# About this exercise
In the material below, find the span from the line with "Emily Coper18 online" to the line with "3 Bedroom Property" and transcribe only those lines, exactly, ends included, without the pictures.

# Data

BEGIN

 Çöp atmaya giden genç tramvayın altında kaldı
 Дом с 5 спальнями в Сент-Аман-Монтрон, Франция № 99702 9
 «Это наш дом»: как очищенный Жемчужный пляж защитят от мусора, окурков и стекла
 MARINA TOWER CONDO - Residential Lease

END
BEGIN

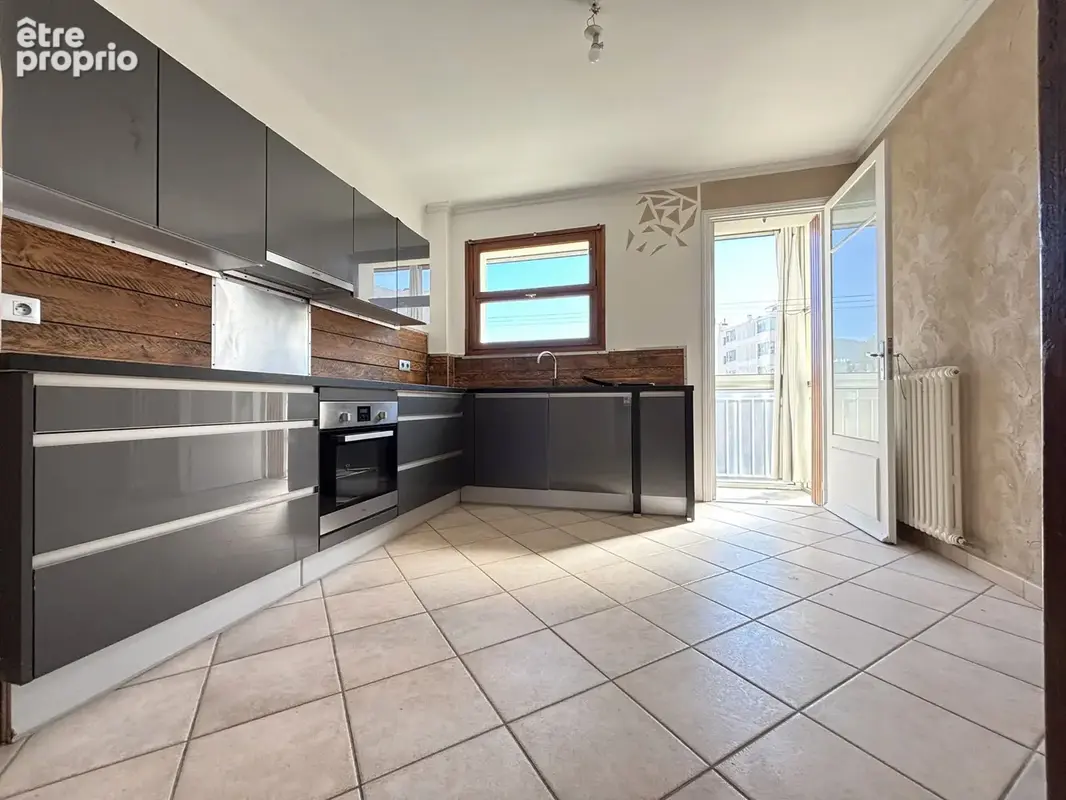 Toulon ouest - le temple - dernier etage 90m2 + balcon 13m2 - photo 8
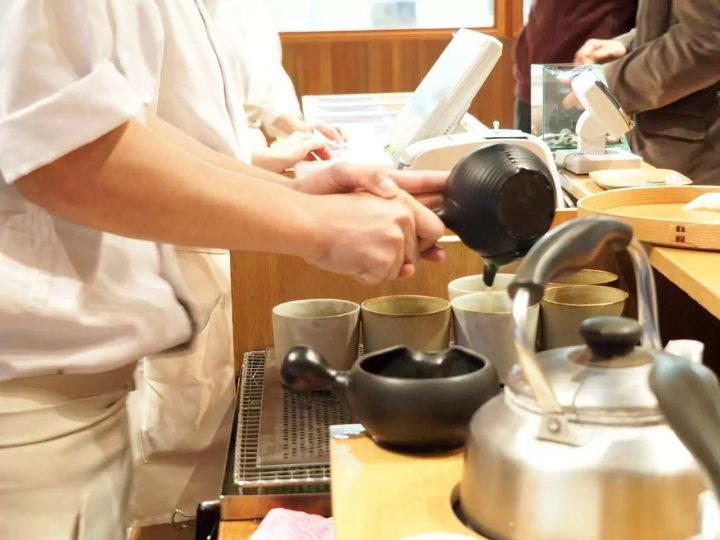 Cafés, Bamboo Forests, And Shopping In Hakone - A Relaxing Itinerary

END
BEGIN

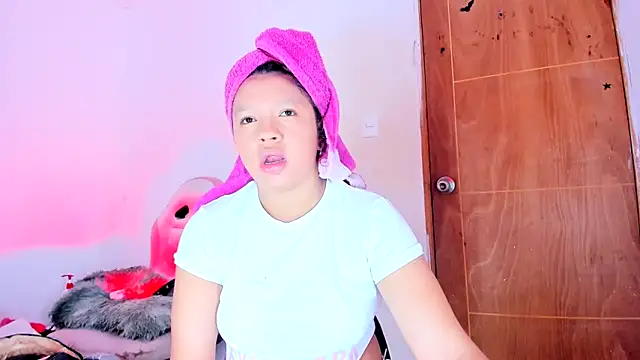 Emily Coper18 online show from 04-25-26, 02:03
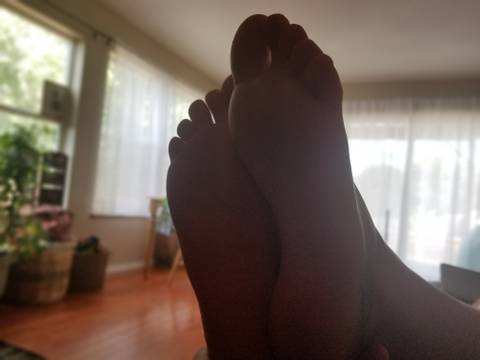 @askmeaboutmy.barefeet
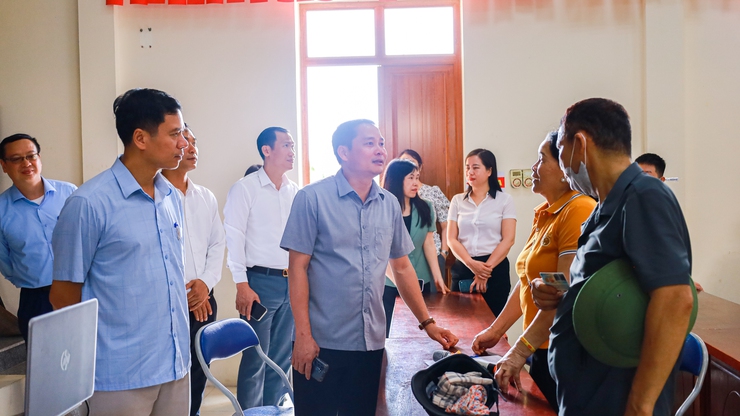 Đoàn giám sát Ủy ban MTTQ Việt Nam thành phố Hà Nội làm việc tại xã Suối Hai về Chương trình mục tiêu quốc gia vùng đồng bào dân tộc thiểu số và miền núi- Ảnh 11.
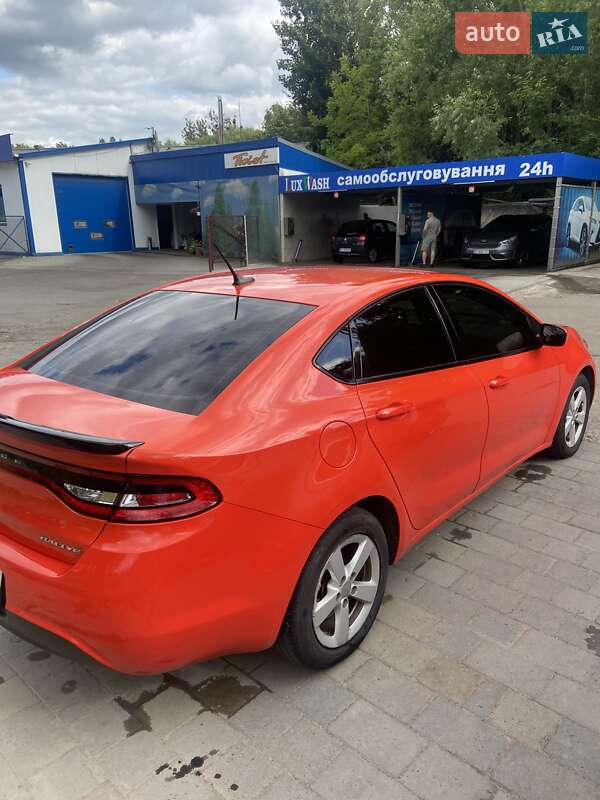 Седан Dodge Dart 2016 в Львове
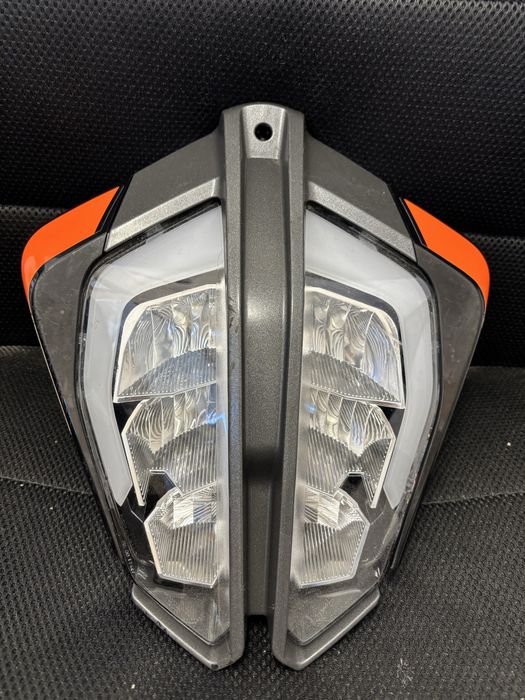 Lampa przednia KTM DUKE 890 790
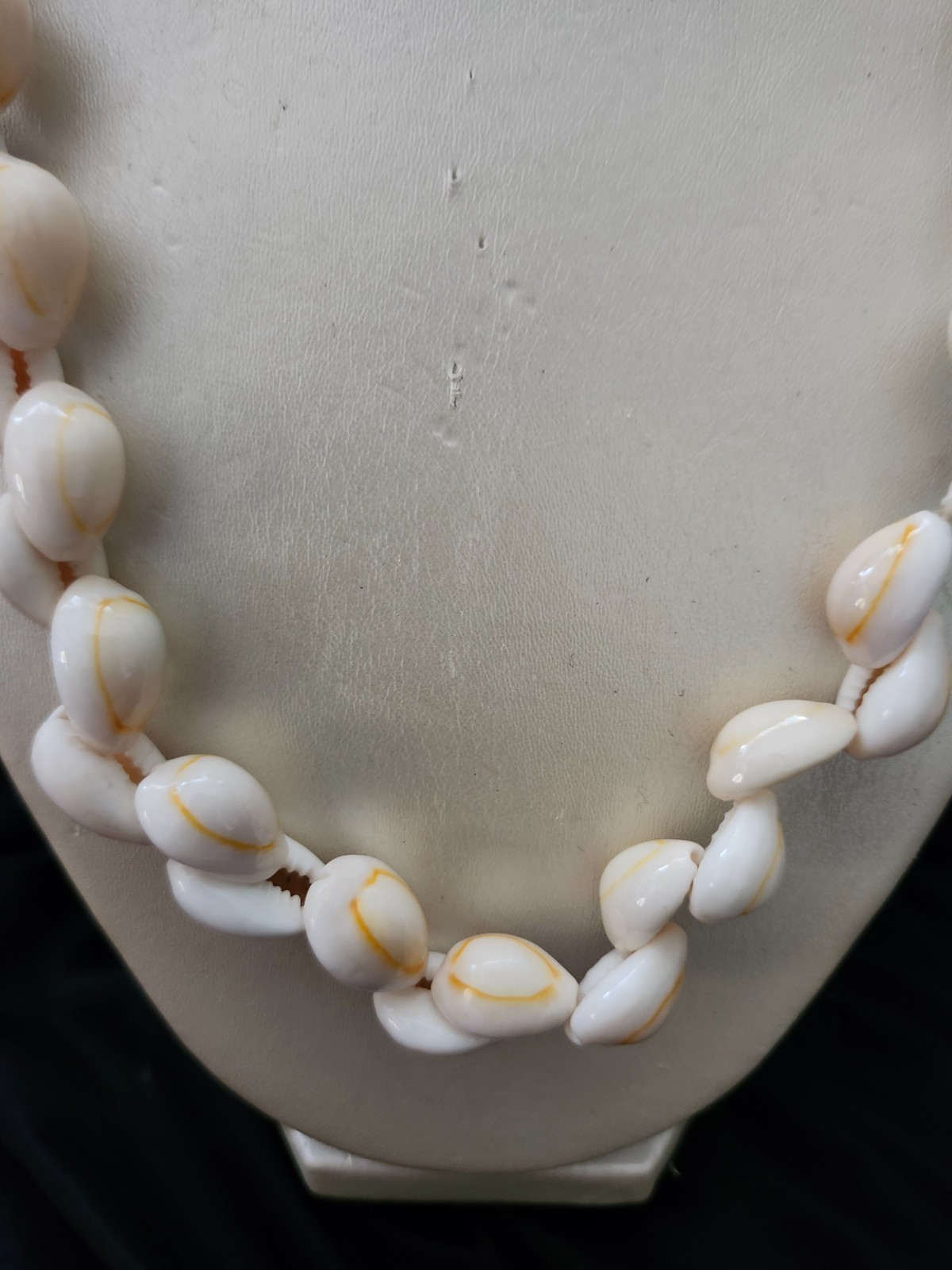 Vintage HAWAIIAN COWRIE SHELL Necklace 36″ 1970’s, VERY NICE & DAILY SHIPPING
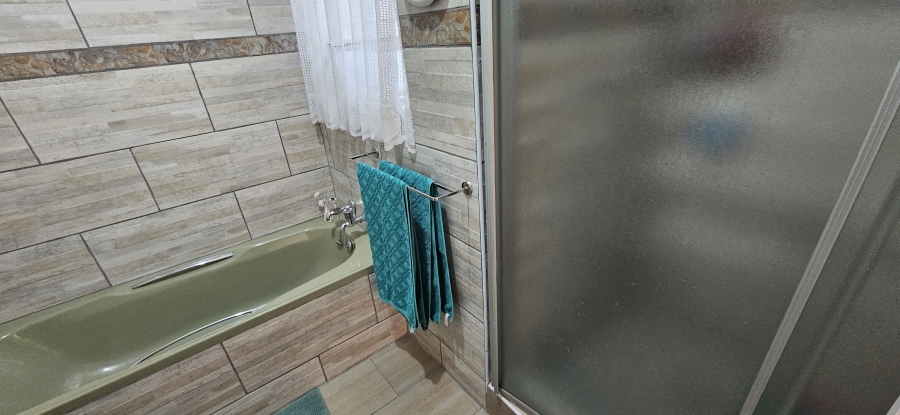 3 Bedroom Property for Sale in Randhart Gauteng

END

# Written response
 Emily Coper18 online show from 04-25-26, 02:03
 @askmeaboutmy.barefeet
 Đoàn giám sát Ủy ban MTTQ Việt Nam thành phố Hà Nội làm việc tại xã Suối Hai về Chương trình mục tiêu quốc gia vùng đồng bào dân tộc thiểu số và miền núi- Ảnh 11.
 Седан Dodge Dart 2016 в Львове
 Lampa przednia KTM DUKE 890 790
 Vintage HAWAIIAN COWRIE SHELL Necklace 36″ 1970’s, VERY NICE & DAILY SHIPPING
 3 Bedroom Property for Sale in Randhart Gauteng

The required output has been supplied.